## Task brief
Once the line with "Купить Ford Kuga с пробегом. Посмотреть фото" is found in the entries below, repeat it and each following line exactly, up to and including the line with "UNİ BOYAMA MARKÖRÜ". Add no other lines.

## Record excerpts
........
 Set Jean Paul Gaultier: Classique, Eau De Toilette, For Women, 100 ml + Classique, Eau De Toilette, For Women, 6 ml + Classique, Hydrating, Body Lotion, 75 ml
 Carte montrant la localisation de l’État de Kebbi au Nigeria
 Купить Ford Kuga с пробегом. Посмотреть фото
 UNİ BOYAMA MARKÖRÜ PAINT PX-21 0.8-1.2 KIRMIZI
........
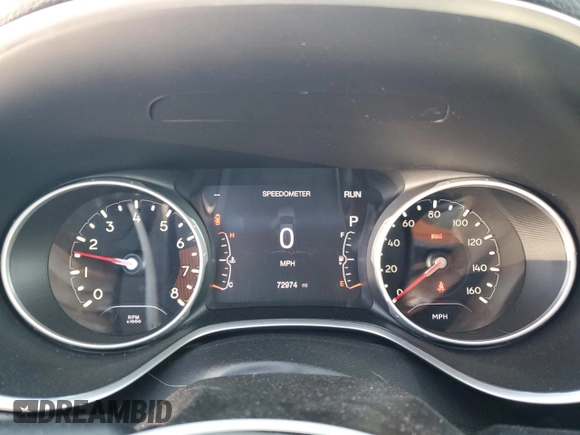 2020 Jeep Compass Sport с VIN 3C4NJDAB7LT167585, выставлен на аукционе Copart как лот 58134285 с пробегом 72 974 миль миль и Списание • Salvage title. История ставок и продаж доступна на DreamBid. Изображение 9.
........
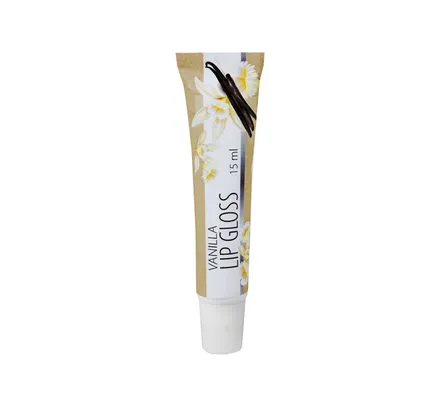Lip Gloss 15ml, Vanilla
........
## Answer to this problem
 Купить Ford Kuga с пробегом. Посмотреть фото
 UNİ BOYAMA MARKÖRÜ PAINT PX-21 0.8-1.2 KIRMIZI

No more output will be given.